§ **Task to carry out**:
Only the lines below starting at the one that contains "Mount Moses Trekking, Sunrise" and ending at the one that contains "OAKLEY AUSTRALIA FLAG ACC MICROBAG" are to be reproduced, exactly and with both ends kept.

■ ■ ■ ■ ■ ■ ■

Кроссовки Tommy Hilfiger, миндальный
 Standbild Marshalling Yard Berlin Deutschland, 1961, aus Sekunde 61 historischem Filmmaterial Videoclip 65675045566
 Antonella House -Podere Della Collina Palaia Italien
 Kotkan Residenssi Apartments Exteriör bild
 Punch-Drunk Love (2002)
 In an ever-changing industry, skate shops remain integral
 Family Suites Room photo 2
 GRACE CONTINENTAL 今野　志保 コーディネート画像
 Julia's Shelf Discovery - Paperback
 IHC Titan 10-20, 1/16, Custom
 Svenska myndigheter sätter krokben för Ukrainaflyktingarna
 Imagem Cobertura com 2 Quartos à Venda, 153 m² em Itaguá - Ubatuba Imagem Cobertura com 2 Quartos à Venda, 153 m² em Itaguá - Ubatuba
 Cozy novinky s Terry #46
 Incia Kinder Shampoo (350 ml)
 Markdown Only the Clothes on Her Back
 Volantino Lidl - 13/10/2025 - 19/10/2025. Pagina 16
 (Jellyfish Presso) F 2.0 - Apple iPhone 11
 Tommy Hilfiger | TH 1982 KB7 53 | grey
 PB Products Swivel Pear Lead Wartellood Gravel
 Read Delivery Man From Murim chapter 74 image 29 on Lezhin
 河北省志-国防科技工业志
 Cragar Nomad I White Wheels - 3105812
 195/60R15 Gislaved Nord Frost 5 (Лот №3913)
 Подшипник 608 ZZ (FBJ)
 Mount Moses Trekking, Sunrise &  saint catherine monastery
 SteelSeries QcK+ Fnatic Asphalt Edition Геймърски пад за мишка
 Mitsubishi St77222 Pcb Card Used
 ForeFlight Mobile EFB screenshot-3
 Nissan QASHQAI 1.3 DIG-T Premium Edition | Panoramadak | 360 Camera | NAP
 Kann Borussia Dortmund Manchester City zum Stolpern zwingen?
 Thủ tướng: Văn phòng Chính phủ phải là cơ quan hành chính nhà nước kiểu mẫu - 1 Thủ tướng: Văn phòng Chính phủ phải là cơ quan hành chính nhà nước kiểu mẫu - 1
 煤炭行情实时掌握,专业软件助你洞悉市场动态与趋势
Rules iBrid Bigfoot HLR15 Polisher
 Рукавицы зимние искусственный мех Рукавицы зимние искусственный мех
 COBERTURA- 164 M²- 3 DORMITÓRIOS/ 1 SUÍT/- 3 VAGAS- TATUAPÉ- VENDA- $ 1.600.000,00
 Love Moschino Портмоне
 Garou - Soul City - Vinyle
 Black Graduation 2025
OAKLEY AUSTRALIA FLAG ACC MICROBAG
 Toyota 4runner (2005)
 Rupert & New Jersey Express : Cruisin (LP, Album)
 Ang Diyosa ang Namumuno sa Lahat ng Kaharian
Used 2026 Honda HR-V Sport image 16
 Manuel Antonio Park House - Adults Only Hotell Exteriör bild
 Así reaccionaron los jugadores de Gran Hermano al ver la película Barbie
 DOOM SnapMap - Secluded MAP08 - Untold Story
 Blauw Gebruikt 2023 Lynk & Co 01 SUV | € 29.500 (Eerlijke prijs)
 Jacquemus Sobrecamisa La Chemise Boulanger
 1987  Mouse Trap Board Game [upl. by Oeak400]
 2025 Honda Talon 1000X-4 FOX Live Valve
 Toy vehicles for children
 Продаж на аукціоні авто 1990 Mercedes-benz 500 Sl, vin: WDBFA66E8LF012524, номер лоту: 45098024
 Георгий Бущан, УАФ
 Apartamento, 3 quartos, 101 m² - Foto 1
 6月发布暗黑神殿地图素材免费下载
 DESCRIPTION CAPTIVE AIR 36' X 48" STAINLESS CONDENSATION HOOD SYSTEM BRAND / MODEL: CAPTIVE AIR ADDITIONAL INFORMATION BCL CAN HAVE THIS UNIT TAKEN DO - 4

■ ■ ■ ■ ■ ■ ■

§ **Task answer**:
 Mount Moses Trekking, Sunrise &  saint catherine monastery
 SteelSeries QcK+ Fnatic Asphalt Edition Геймърски пад за мишка
 Mitsubishi St77222 Pcb Card Used
 ForeFlight Mobile EFB screenshot-3
 Nissan QASHQAI 1.3 DIG-T Premium Edition | Panoramadak | 360 Camera | NAP
 Kann Borussia Dortmund Manchester City zum Stolpern zwingen?
 Thủ tướng: Văn phòng Chính phủ phải là cơ quan hành chính nhà nước kiểu mẫu - 1 Thủ tướng: Văn phòng Chính phủ phải là cơ quan hành chính nhà nước kiểu mẫu - 1
 煤炭行情实时掌握,专业软件助你洞悉市场动态与趋势
Rules iBrid Bigfoot HLR15 Polisher
 Рукавицы зимние искусственный мех Рукавицы зимние искусственный мех
 COBERTURA- 164 M²- 3 DORMITÓRIOS/ 1 SUÍT/- 3 VAGAS- TATUAPÉ- VENDA- $ 1.600.000,00
 Love Moschino Портмоне
 Garou - Soul City - Vinyle
 Black Graduation 2025
OAKLEY AUSTRALIA FLAG ACC MICROBAG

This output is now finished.